* **Aim of the task**
Below are some records. Return exactly the lines from the one with "22 July Yard Show (48)" to the one with "Trakehner von Meraldik", and nothing else.

* **Data shown**
○ ○ ○
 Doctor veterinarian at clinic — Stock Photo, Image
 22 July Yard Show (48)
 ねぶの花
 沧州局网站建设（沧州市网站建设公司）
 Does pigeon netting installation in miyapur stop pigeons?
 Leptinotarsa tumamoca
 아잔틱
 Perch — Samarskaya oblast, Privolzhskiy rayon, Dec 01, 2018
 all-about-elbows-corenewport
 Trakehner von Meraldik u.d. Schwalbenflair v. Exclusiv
○ ○ ○
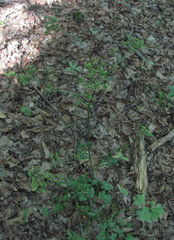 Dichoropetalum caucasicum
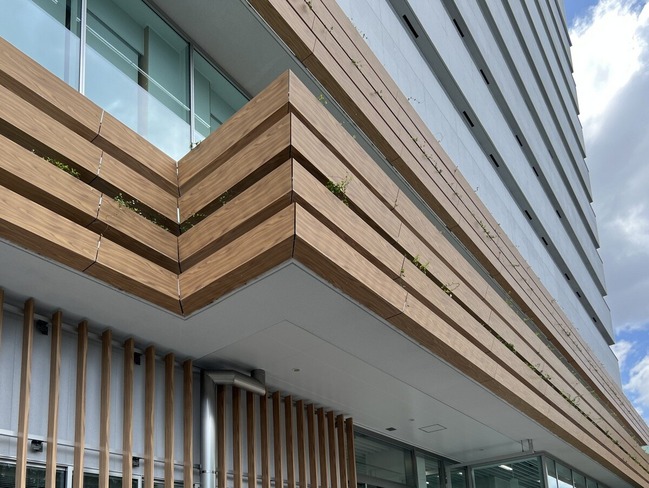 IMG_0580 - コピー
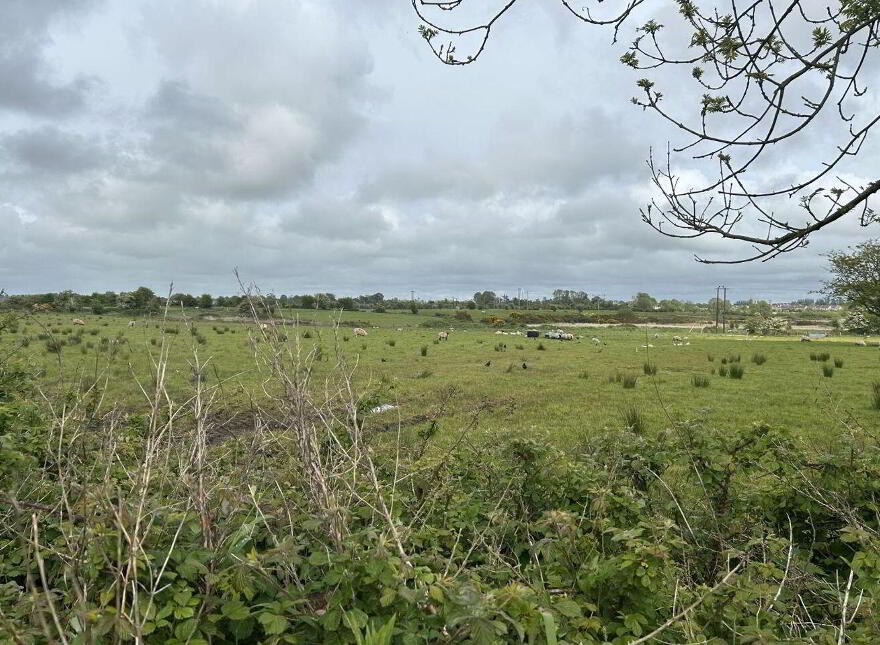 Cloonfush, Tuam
○ ○ ○
* **Expected output**
 22 July Yard Show (48)
 ねぶの花
 沧州局网站建设（沧州市网站建设公司）
 Does pigeon netting installation in miyapur stop pigeons?
 Leptinotarsa tumamoca
 아잔틱
 Perch — Samarskaya oblast, Privolzhskiy rayon, Dec 01, 2018
 all-about-elbows-corenewport
 Trakehner von Meraldik u.d. Schwalbenflair v. Exclusiv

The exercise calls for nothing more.